De acordo com analistas internacionais, o dia foi caracterizado por uma volatilidade bem menos intensa, o que permitiu fazer com que os terminais trabalhassem com poucas oscilações ao longo de praticamente toda a primeira metade do dia. Na segunda metade, algumas compras mais efetivas foram registradas, mas com o maio não conseguindo romper o nível psicológico de175,00 centavos, ainda que o fechamento das operações tenha se dado próximo da máxima. No segmento externo, o dia foi de ligeiras quedas para as bolsas de valores nos Estados Unidos e alta do dólar em relação a uma cesta de moedas internacionais. As commodities softs tiveram alta para a maior parte das matérias-primas, com o destaque positivo sendo o açúcar.

"A tendência é que consigamos manter os atuais patamares. O mercado parece ter conseguido achar um teto próximo dos 200,00 centavos, ao passo que o piso parece ficar próximo dos 170,00 centavos, ao menos no curto prazo. O mercado ficou atento a um levantamento efetuado por órgãos especializados em agronomia do Brasil na cidade de Três Pontas, considerada uma das maiores produtoras do país. Naquela região, segundo os técnicos, a perda pode chegar a 45% neste ano, confirmando, assim, os fortes efeitos da seca e do calor intenso, registrados nas primeiras semanas do ano, sobre as lavouras", disse um trader.

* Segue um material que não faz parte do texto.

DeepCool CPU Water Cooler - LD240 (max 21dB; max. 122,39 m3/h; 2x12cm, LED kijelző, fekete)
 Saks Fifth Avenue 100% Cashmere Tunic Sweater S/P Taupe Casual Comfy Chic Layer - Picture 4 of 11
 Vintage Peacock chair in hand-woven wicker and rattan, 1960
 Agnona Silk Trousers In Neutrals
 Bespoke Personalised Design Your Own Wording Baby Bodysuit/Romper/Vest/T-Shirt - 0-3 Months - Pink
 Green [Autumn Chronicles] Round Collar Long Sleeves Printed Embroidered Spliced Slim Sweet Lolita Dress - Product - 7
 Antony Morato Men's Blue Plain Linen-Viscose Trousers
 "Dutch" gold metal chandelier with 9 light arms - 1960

A produção de café da Colômbia cresceu 34% em março impulsionada pelo programa de renovação de lavouras do país, pelo aumento da produtividade e também pelas boas condições climáticas, informou a Federacafe(Federação Nacional dos Cafeicultores da Colômbia). No mês passado, o país sul-americano produziu 828 mil sacas, contra 617 mil sacas de março de 2013.Enquanto isso, as exportações de café da Colômbia cresceram 37% em março, para 928 mil sacas, em contraste com as 677 mil sacas do mesmo mês do ano passado. A Colômbia, famosa por seus cafés suaves lavados, registrou em 2013 uma safra de10,9 milhões de sacas, um crescimento de 41% em relação a 2012.

Os estoques certificados de café na bolsa de Nova Iorque tiveram queda de 3.630 sacas, indo para 2.589.269 sacas.

Tecnicamente, o maio na ICE Futures US tem resistência 175,00, 175,50, 176,00, 176,50, 177,00, 177,50, 178,00, 178,30, 178,50, 178,95,179,00, 179,50, 180,00 e 180,50 centavos de dólar, com o suporte em 170,85,170,50, 170,10-170,00, 169,50, 169,00, 168,50, 168,00-167,90, 167,50, 167,00,166,50, 166,00, 165,50, 165,10-165,00 e 164,50 centavos.




Londres tem dia de poucas variações e preços próximos da estabilidade

Os contratos futuros de café robusta negociados na Euronext/Liffe encerraram esta quinta-feira com poucas oscilações, em uma sessão relativamente tranquila, bem diferente do cenário de volatilidade intensa registrado ao longo dos últimos pregões. A posição maio variou nesta quinta dentro de um range curto, de menos de 20 dólares, preservando o suporte de 2.000 dólares.

De acordo com analistas internacionais, o dia foi marcado por uma abertura num patamar muito próximo do fechamento da quarta-feira. Os vendedores e compradores se alternaram, mas as ordens foram apenas modestas e o maio, no lado positivo, não conseguiu ir além de nível de 2.028 dólares, ao passo que a mínima do pregão ficou em 2.009 dólares.

"Tivemos uma sessão técnica, claramente com viés consolidativo. As oscilações foram muito curtas e conseguimos manter os padrões intactos. Esse comportamento tão diverso daquele verificado recentemente seguiu, em parte, o comportamento de Nova Iorque, que também teve uma sessão calma para os arábicas. O desafio em Londres continua sendo preservar o patamar de 2.000 dólares. Por enquanto isso tem sido conseguido, já que a especulação sobre a disponibilidade global continua a existir", disse um trader.

O maio teve uma movimentação ao longo do dia de 7,31 mil contratos, contra 4,23 mil do julho. O spread entre as posições maio e julho ficou em 2 dólares.

No encerramento do dia, o maio teve queda de 4 dólares, com 2.016 dólares por tonelada, com o julho apresentando valorização de 1 dólar, para 2.014 dólares por tonelada.